The minister said NSFAS funding was primarily provided for students registered for a first undergraduate qualification, although in the past, the scheme had been extended to “some limited second qualifications in key areas”.

He said that in 2021 there would be no funding for new entrants in second or postgraduate qualifications, as the qualifications were the responsibility of the National Research Foundation.

However, students who were registered (continuing) with postgraduate degrees would be funded if they met the qualifying criteria.

The three students argued that they had a legitimate expectation that the NSFAS would fund their LLB studies, as the degree was a “professional requirement” for employment as lawyers.

They argued that, if it were not for the 2021 guidelines, they would all be eligible for NSFAS funding as they were under the 2020 guidelines.

They maintained that the minister and the NSFAS board had failed to act in a procedurally fair manner in that they had never afforded the affected students an opportunity to make representations before the decision was made.

But Judge Nambitha Dumbuza, in a concurring judgment, said that from the minister’s first media statement in March 2021, there was a likelihood that even first-time entry students were at risk of not being funded.

A few days later, he had announced that the department’s budget had been approved and he had been given the scope of how the 2021 funding scheme would be structured.
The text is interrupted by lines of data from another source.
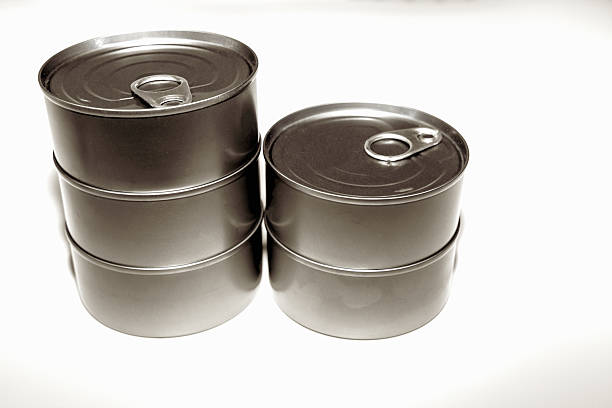 Group of tuna cans arranged together on white surface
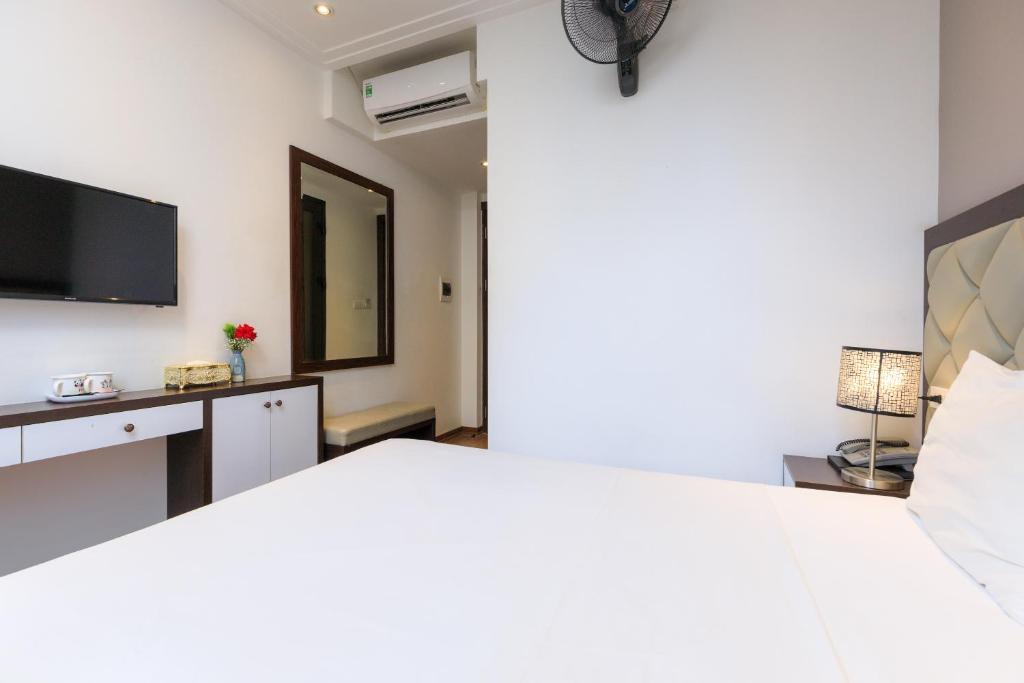 Postel nebo postele na pokoji v ubytování Yolo Wa Hotel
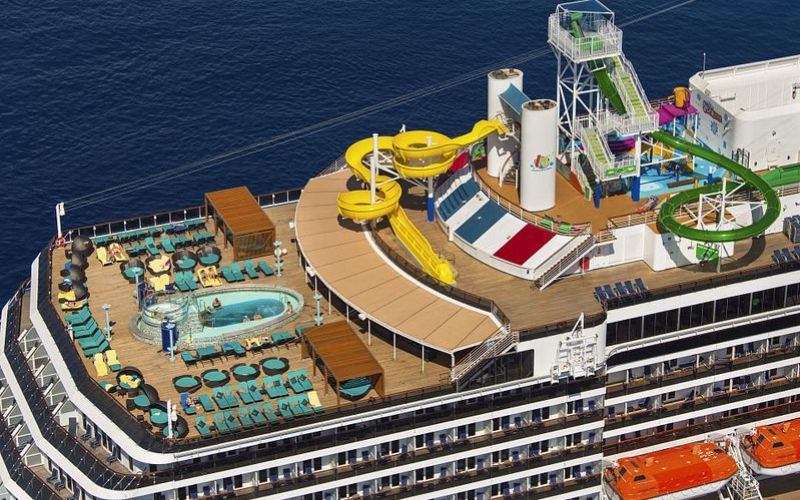 Aerial view of the vibrant Aft Serenity Deck on the Carnival Pride, showcasing a bustling pool area, colorful water slides, an adventure ropes course, and ample lounging options with the deep blue ocean stretching into the horizon.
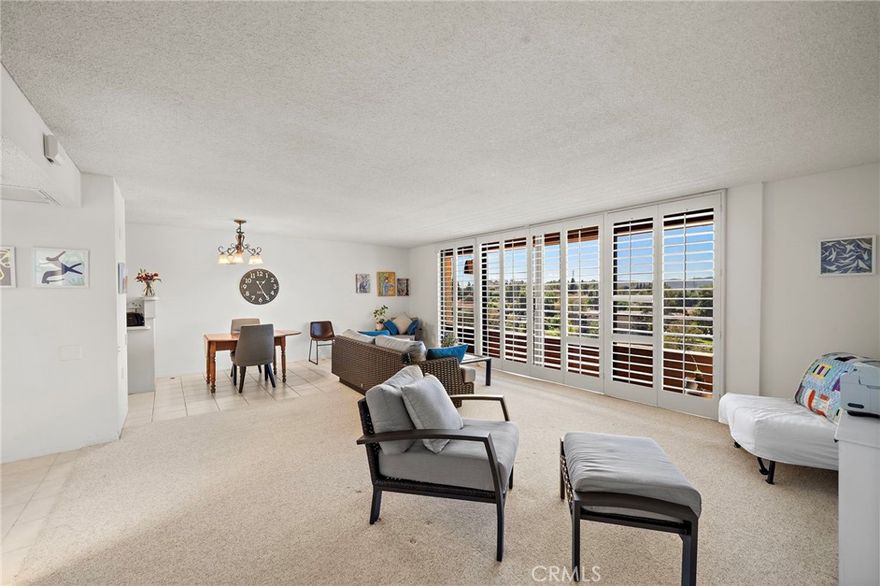 This is a highly sought after "G" floor plan at the Towers, with gorgeous views of the Southern California Sunsets!  This home has a huge bedroom and 1.5 bathrooms.  The dining room and living room lead to the step out balcony that runs the length of the home.  The kitchen has been remodeled and features a 2 burner cook top, fridge plus an added bar with more storage and counter space. The master bedroom is massive and has a walk in closet plus a slider to the deck and an en suite bathroom with shower.  The home also features a convenient guest half bathroom at the entry.  Located in Laguna Woods, a SENIOR community, the Towers features many amenities.  Currently INCLUDED in the monthly fee are: a monthly $500 dining credit to use in the 2 dining rooms, housekeeping, electiricty, water, trash, basic cable, plus on site activities: live entertainment, bingo, movies, exercise classes, card rooms, parties & more! Living in Laguna Woods means access to a bus system around the community, to area shopping, restaurants, medical facilities; 5 pools & 4 hot tubs; 27-hole golf course, tennis, library, state-of-the art crafts facility, 7 clubhouses, 200+ clubs, 3 fitness centers, theater, horseback riding/stables, garden centers, basketball, billiards, bocce ball, Emeritus classes & more! Come enjoy resort style living at its best!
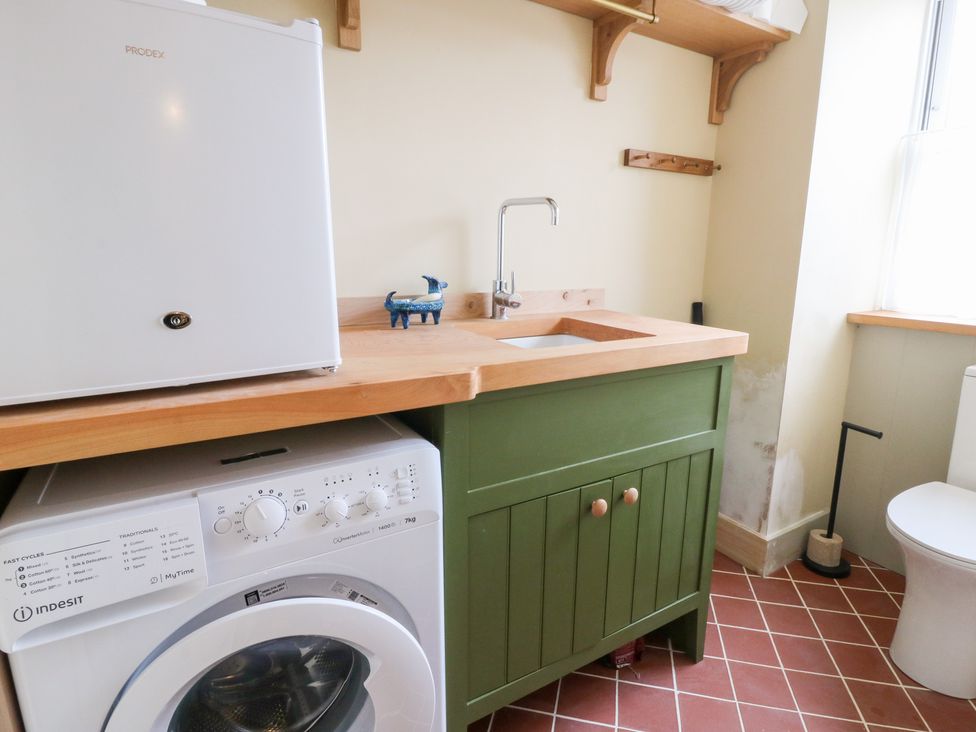 A laundry room with a washing machine and sink at Fronglyd Aberporth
Judge Dumbuza said it would have been impractical, in those circumstances, to afford the general student body an opportunity to make representations, given that it was past the usual start of the academic year and the determination of beneficiaries that had to be done.
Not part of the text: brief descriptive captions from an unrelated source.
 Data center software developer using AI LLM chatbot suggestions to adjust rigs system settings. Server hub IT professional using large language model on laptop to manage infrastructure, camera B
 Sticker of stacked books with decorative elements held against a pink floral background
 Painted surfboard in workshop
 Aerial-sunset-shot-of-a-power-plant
Thus, timeous invitation for representations from potentially affected students had been unattainable.

But there had been consultations with student bodies which constituted a reasonable and justifiable form of compliance with the requirement of procedural fairness. Consultation with student representative bodies was an acceptable form of communicating with students, the court said.

In upholding the appeal, Judge Dambuza said the extent of the limitation of the constitutional right to further education, although seemingly harsh on those affected, was reasonable.